Schmerynka hat in seiner Geschichte einige mittlerweile recht berühmte Menschen über längere Zeit beherbergt. So zum Beispiel Tschaikowski, der dort einige seiner Stücke geschrieben hat, den Erfinder des kleinsten Motors (ich entschuldige mich dafür, das ich mir den Namen nicht gemerkt habe, slawische Namen klingen oft anders, als sie geschrieben werden...) oder auch den Autoren Jan Brzchewa, der „Die Akademie des Herrn Klecks“ geschrieben hat, was später auch verfilmt wurde.

Natürlich gibt es schon Überlegungen, was man in Schmerynka veranstalten könnte, zum Beispiel ein Dixiland-Festival, da es dort sehr gute Jazz-Musiker gibt, oder ein „Festival der kleinen Dinge“. Oder sogar ein kulinarisches „Feldküchen-Festival“. Warum auch nicht. Wichtig ist den Initiatoren, neue Wege zu finden, um ihre Stadt weiter voran zu bringen. Durch die ganzen Veränderungen in den letzten zwei Jahrzehnten ist vieles eingeschlafen, zusammengebrochen, wie vorher nicht mehr möglich.

Was bei manchen Menschen und Verbänden im kleineren Rahmen passiert ist – in der Ukraine ist es in einem großen Rahmen passiert und einer der neuen Wege ist für Schmerynka die Option, einen Kulturtourismus und damit das überwiegend nicht-materielle Potenzial aufzubauen um sich weiter zu entwickeln. Neuruppin hat ja gezeigt, wie es geht. Wenn ich mir das Video von 1992 auf youtube angucke... na ja, so attraktiv wie heute war diese Stadt für Touristen damals sicherlich nicht – und entsprechend lasst uns doch lieber stolz sein, als Vorbild zu dienen! Finde ich nämlich ziemlich beeindruckend und klasse!


Vor dem Kulturstammtisch war die Delegation bei der Feier anlässlich des Gedenktages für die Opfer des Holocausts am Denkmal im Rosengarten. Auch diese Geschichte verbindet uns letztlich, denn in der Ukraine hat die Wehrmacht ebenso furchtbare Dinge angerichtet wie hier und letztlich sind wir ja als Land auf dem „besten Wege“ (das ist bitter-ironisch gemeint!) die ganze Scheiße noch einmal zu veranstalten. Letztens habe ich bei Twitter so einen denkwürdigen Spruch darüber gelesen: „An Alle, die im Geschichtsunterricht gesagt haben, so etwas würden sie nie zulassen – jetzt ist eure große Stunde!“. Aber es wird lieber in weiten Teilen weitergepennt. Manchmal wird auch gerne in andere Länder geschaut und betont, wie sehr dort noch Familienwerte gelebt werden und wieviel Achtung dort vor Älteren herrscht. Ist es nicht merkwürdig, wenn dann genau derjenige hier im Land solche Werte in den Dreck tritt? Und da nicht einmal drüber nachdenkt?

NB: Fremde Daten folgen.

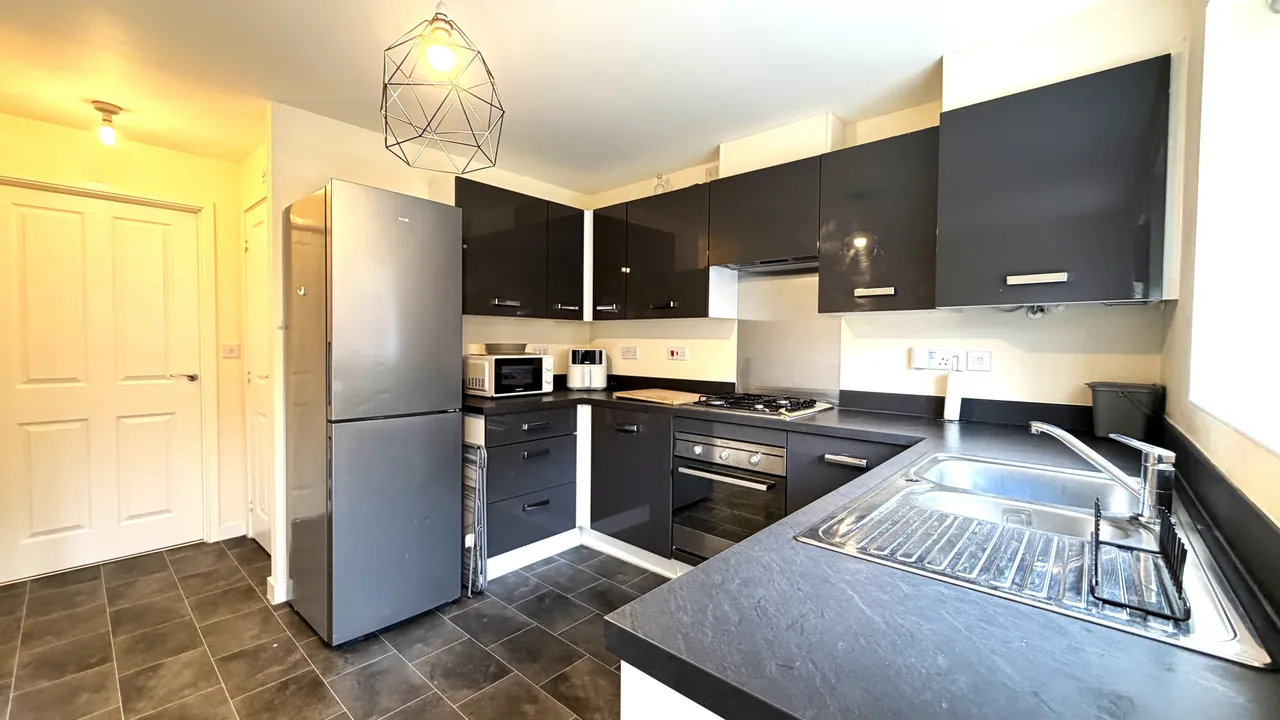 Wenlock Way, Ardwick, M12, photo 2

Nun ja, davor waren sie im Jugendwohnprojekt „Mittendrin“ als soziokulturelles Zentrum und im Jugendfreizeitzentrum. Insbesondere das Mittendrin war dann auch länger Thema auf dem Stammtisch – und zeigt die kulturellen Unterschiede auf. In der Ukraine wäre so etwas in der Form nicht möglich. Es herrschte Verwunderung darüber, das etwas, das aus einer illegalen Aktion heraus, nämlich einer Hausbesetzung, dann akzeptiert und toleriert wurde. Nicht nur das – es wurde dann ja letztlich auch gefördert und hat tatsächlich dann irgendwann dazu geführt, das ein Haus gekauft wurde. Ich denke, das wir mit solchen Dingen hier durchaus ein ziemliches Privileg haben – AUCH wenn es ab und an Besuch mit Blaulicht gibt. Aber anderswo wäre es wahrscheinlich von vorneherein zum Scheitern verurteilt gewesen und hätte nicht einmal den Hauch einer Chance gehabt.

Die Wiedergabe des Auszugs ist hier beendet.